BIO 202 — Lesson 0: Correlation and the generative linear model (draft v2)

A — With no other information, the best guess is the mean

Someone hands you a new frog. You have no other information. The best single-number guess is the population mean μ, and σ is how wrong that guess will typically be.

For this stage: say why μ is the best guess under no-information, why σ is the typical size of the error, and why the sample ȳ wiggles around the true μ run to run.

Scenario

Gray tree frogs, one pond, no other information. Someone hands you a frog and asks for its body mass. The best number to say is the population mean μ. It minimizes your average squared error against any other value you could pick.

y_i ~ Normal(μ, σ)

You do not know μ. You have a sample of n frogs, and from them you compute ȳ. ȳ is your estimate of μ. A different n frogs would give a slightly different ȳ. The true μ is a property of the world; the estimate wiggles run to run.

σ is the other half of the story: how wrong this guess will typically be. A typical frog sits about σ away from μ. Small σ means the mean is a sharp prediction. Large σ means the mean is the best you can do, and the best is not very good.

Two parameters, one for the guess and one for the size of the error. Stage B adds one new piece of information about the frog and asks whether the guess gets any better.

Note that Stage D writes y ~ Normal(β·x + α, σ). Set β = 0 and you are back here. Regression does not replace the mean; it extends it.

Simulated sample (histogram with fixed axes)

true μ: — | sample ȳ: — | sample sd: —

Prediction (required before sliders unlock)

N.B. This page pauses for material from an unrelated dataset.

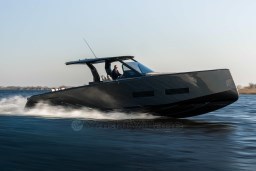 2026 Pardo Yachts 43 cruising swiftly on open water.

Q1. You raise σ from 0.5 to 2.5, keeping μ and n fixed. The histogram…
gets narrower gets wider shifts right but keeps the same width
Q2. You raise n from 20 to 500, keeping μ and σ fixed. The sample mean ȳ…
gets closer to the true μ (on average) gets farther from μ is unchanged — n only affects σ

Explore the sliders to unlock Stage B. 0/5 moves

Transfer question — new scenario

A colleague samples 15 mice from a single population. She reports a sample mean body mass of 24.3 g with SD 1.8 g. If she re-samples 15 different mice from the same population, the new sample mean will most likely be…

exactly 24.3 g — the population mean is what it is close to 24.3 g but not exactly — every sample wobbles around the true μ completely unpredictable — small samples have no signal

Controls

n (sample size)40

μ (true mean)8.0

σ (true SD)1.2

seed42

R code (base R — mirrors this simulation)

# Stage A: one variable, no predictor.set.seed(42)n     <- 40mu    <- 8.0    # true population meansigma <- 1.2   # true population SD# simulate the sample -- every frog is a draw from the SAME distributiony <- rnorm(n, mean = mu, sd = sigma)# estimates from the sample (these wiggle run-to-run)mean(y); sd(y)hist(y, breaks = 20, col = "gray80", border = "white",     xlim = c(0, 20), xlab = "body mass (g)", main = "")abline(v = mu,      col = "#b23a48", lwd = 2, lty = 2)abline(v = mean(y), col = "#2f6b8f", lwd = 2)

B — Add a group label, and the guess splits in two

Now you know which pond the frog came from. That is new information. The best guess is no longer a single number; it is the group mean. The "slope" on a 0/1 predictor is the difference between the two group means.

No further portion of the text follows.